Edito

Qu’est-ce que le « FUTUR COMPOSE » ?

Depuis quelques années, des établissements spécialisés dans l’accueil de jeunes autistes, se sont organisés en réseau (Région parisienne).

Ils ont mis des idées et des moyens en commun, souvent en créant des associations culturelles. Cette démarche n’a cessé de s’enrichir et d’impliquer de nouveaux partenaires (malades et handicapés, professionnels, quelques familles, artistes et célèbres ou inconnus, partenaires administratifs et financiers).

Ces associations sont extrêmement vivantes. Elles ont ouvert de multiples ateliers (théâtre, danse, musique, arts plastiques, journalisme). Elles ont aussi organisé des rencontres et manifestations publiques inédites, dans des lieux prestigieux ou tout à fait marginaux, en France et à l’Etranger. Les jeunes handicapés sont constamment au centre de ces activités.

Il ne s’agit pas seulement de rendre possible leur accès à la culture, mais de leur permettre d’être véritablement acteurs dans le champ culturel.

Le Futur Composé n’a pas pour vocation de gommer leur différence mais de la valoriser par une série d’événements inédits. Il veut aussi rassembler ces nombreuses initiatives, afin de les présenter à un plus large public, regrouper les pièces du puzzle pour le rendre plus intelligible et plus intelligent sur le plan conceptuel : c’est-à-dire plus efficace pour dynamiser des expériences de ce type (qui demeurent trop rares en France)
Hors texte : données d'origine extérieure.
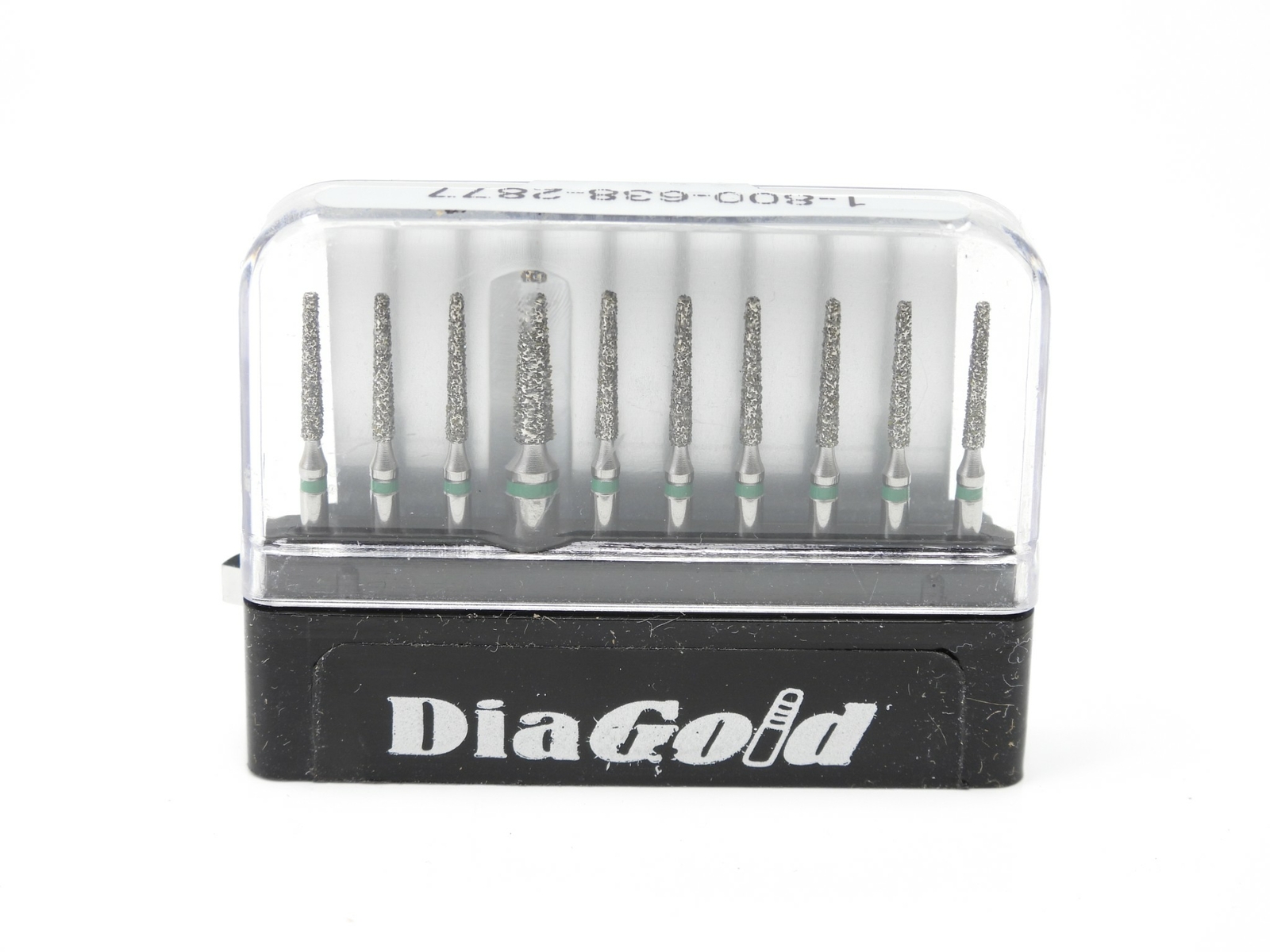 Goldburs 172-012C (314) pack of 10 Multi use Gold Burs Flat End Taper Shaped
Pour le festival, dont le premier a eu lieu en l’an 2000, une dizaine d’associations et une trentaine d’institutions spécialisées fédèrent leur énergie.
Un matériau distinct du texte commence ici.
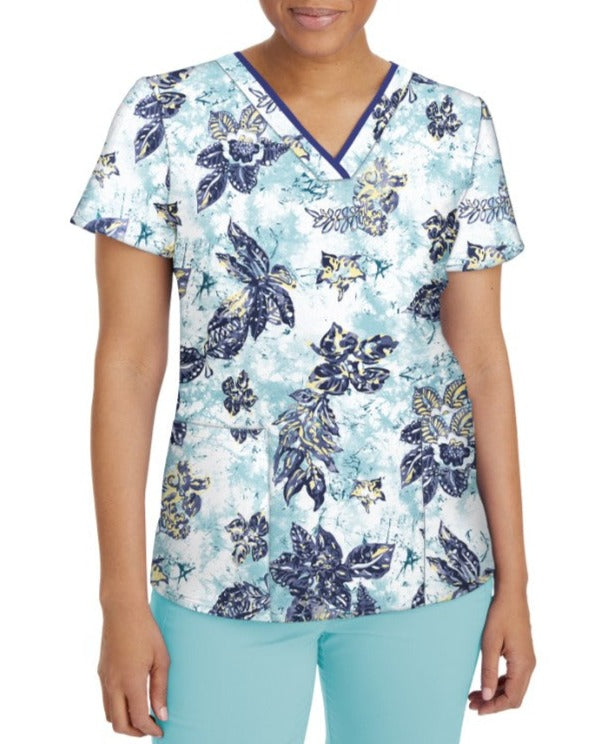V-Neck Top Tropical Tide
Il s’agit de contribuer à faire évoluer le regard habituellement porté sur les autistes, empreint de nombreux préjugés. Un de ces préjugés extrêmement courants, y compris chez les professionnels, consiste à penser qu’une méthode privilégiée (psychothérapique, chimique, pédagogique, sociale, voire une pratique artistique) peut suffire à répondre aux besoins ou aux problèmes des autistes.
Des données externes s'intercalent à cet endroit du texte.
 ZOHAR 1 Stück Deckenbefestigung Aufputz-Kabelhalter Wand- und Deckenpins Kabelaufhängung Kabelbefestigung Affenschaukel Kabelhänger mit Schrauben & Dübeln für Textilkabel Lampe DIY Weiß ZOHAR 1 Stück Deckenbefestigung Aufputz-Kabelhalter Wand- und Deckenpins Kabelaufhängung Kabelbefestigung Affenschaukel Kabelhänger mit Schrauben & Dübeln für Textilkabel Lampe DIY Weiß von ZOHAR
Cette vision est évidemment réductrice ; notre humanité se définit en effet par une grande diversité de nos besoins matériels et intellectuels.

L’ensemble des pratiques culturelles réunies par ce festival s’adresse, au quotidien, à un grand nombre de jeunes artistes. C’est l’accès à cet ensemble qui peut réellement avoir un certain poids dans leur vie. Cela ne les guérit pas, même si parfois des progrès spectaculaires passent par là, mais cela leur permet d’entrer un peu dans la communauté sociale.

Si nos équipes soignantes et éducatives soutiennent et accompagnent avec une telle attention ces expériences culturelles c’est parce qu’elles n’oublient pas une évidence parfois un peu délaissée par les milieux sanitaires : si une personne n’est pas en mesure d’intégrer un tant soit peu sa communauté sociale, celle-ci est par définition dans l’impossibilité d’accompagner cette personne.

Enfin, le Futur Composé a pour objectif de favoriser l’ouverture de lieux où ces jeunes adultes puissent participer à des activités culturelles en tant qu’amateurs ou professionnels.

En réalité, nombreux sont ceux qui, parmi nos concitoyens seraient prêts à aider ces jeunes gens en grande difficulté. En revanche, il est plus difficile d’accepter de recevoir quelque chose d’eux. Vaincre cette difficulté constitue l’objectif principal de notre démarche.

Les artistes qui au cours de ces dernières années ont fait un bout de chemin en compagnie de ces jeunes ont pratiquement tout insisté sur le fait qu’ils avaient d’avantage reçu que donné. Parmi eux : Marc Lavoine, Howard Buten, Philippe Starck, Margerin, Di Rosa, Shirley et Dino, Tryo, Grand Corps Malade, Yvan le Bollock, Sandrine Bonnaire, Méziane Azaïche Natacha Amal, Hyppolite Girardot, Guem, Tilly, Julia Kristeva, Anne-Sophie Lapix, Christophe Dominici,   etc…

Nous souhaitons que pour chaque festival, le public partage le sentiment de ces artistes.